Cluster Analysis Flashcards
Under what type of ‘multivariate analysis’ does cluster analysis come under?
Analysis of INTERDEPENDENCE (reducing large amounts of data/variables into more mangeable amounts to enable a more effective analysis)
What is cluster analysis and why is it useful?
This involves turning CASES into CLUSTERS (defo not variables!!)
Individual cases are simplified into fewer groups called ‘clusters’ based on similarities between them. The characteristics of a cluster can then be explored as well as the relationships between them.
A way of grouping large amounts of data to make it more manageable to explore e.g. behavioural data to help companies understand different customer needs
How is similarity/dissimilarity quantified? How does this relate to the aim of cluster analysis?
Through looking at statistical distance.
The aim of cluster analysis is to maximise similarities within a cluser with small distances, and to maximise dissimilarities between different clusters.
Give three key ways of measuring distance between pairs of cases. Give benefits/uses
EUCLIDEAN = straight line distance, most commonly used (square root of sum of squared differenes between each score for 2 observations)
MANHATTAN = ‘city block’ method; sum of absolute differenes; along and up. REDUCES IMPACT OF OUTLIERS.
PEARSON = standardises distance where measures operate over different magnitude ranges; to undertake cluster analysis with data that CROSS A LARGE MAGNITUDE
How would you graphically represent Euclidean and Manhattan distance?
If you imagine a right angle triangle on graph
Euclidean = diagonal/hypotenuse
Manhattan = the opposite and adjacent
Define and imagine drawing diagrams for the different linkage procedures - single, complete, average and centroid.
Why are linkage procedures important?
SINGLE = aka Nearest Neighbour; shortest distance between two members in the two clusters
COMPLETE = aka Furthest Neighbour; longest distance between two members
The choice may influence whether there are outliers or skewed data.
What are the two different approaches to clustering and what methods do they use?
HIERARCHICAL = use Ward’s Method; cases in a single cluster, clusters are sequentially combined until one cluster is left, cases are fixed.
NON-HIERARCHICAL: uses k-means clustering; number of clusters specified in advance, cases can move clusters all the way through.
Outline the processes used to decide on the number of clusters.
DENDROGRAMS = lines are subjectively “cut” in order to have enough clusters that are dissimilar.

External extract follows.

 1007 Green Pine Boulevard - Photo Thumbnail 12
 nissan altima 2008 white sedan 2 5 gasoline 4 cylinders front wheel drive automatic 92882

The longest lines have the largest distances and are likely to connect clusters that are too dissimilar to be in the same cluster, so we cut the line to give two seperate, dissimilar clusters.
AGGLOMOERATION SCHEDULE = look at ‘coefficients’ column in SPSS output table and can look for the large jumps in values
Outline 4 limitations of the cluster analysis process.
- Subjectivity in retaining clusters
- There can be no missing data at all as it relies on calculating distances for all cases
- Outliers or skewed data can produce problems
- The absence of groups does NOT mean that they don’t exist. The presence of groups doesn’t make them meaningful.